| WHAT YOU HAVE TO DO |
Print the whole listing again exactly, keeping no pictures in it.

| DATA UNDER STUDY |
■ ■ ■ ■
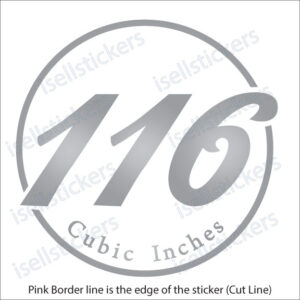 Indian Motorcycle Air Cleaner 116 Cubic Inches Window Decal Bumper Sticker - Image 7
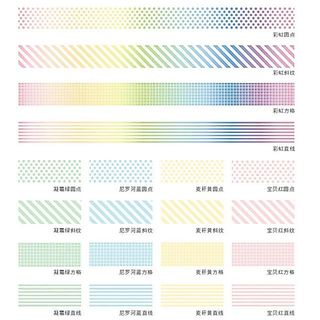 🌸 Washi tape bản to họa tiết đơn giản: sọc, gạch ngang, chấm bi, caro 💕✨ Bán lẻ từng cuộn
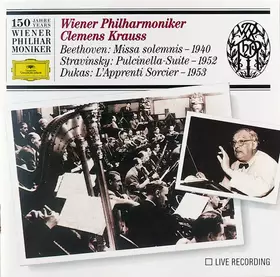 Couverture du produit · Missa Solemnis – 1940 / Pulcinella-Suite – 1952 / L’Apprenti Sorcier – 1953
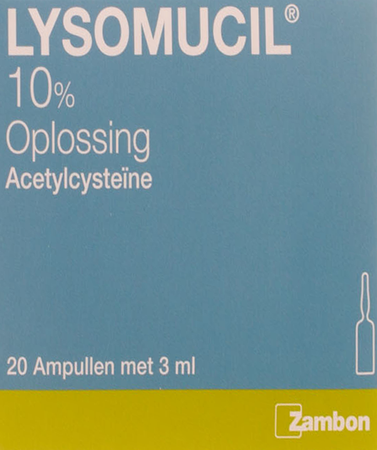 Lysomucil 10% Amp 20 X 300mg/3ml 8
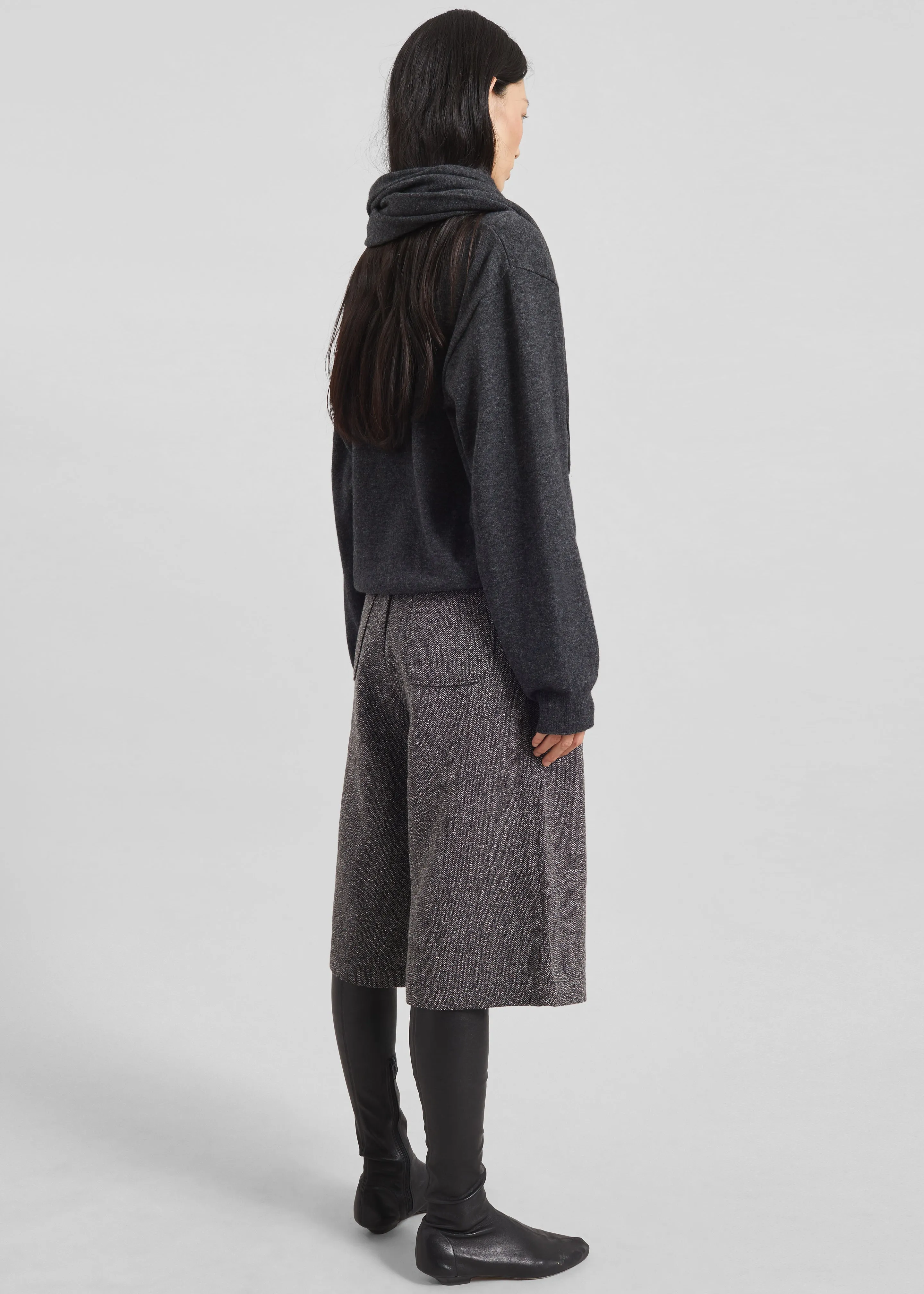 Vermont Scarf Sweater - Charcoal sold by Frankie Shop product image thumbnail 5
■ ■ ■ ■
| SOLUTION FOR THIS EXERCISE |
 Indian Motorcycle Air Cleaner 116 Cubic Inches Window Decal Bumper Sticker - Image 7
 🌸 Washi tape bản to họa tiết đơn giản: sọc, gạch ngang, chấm bi, caro 💕✨ Bán lẻ từng cuộn
 Couverture du produit · Missa Solemnis – 1940 / Pulcinella-Suite – 1952 / L’Apprenti Sorcier – 1953
 Lysomucil 10% Amp 20 X 300mg/3ml 8
 Vermont Scarf Sweater - Charcoal sold by Frankie Shop product image thumbnail 5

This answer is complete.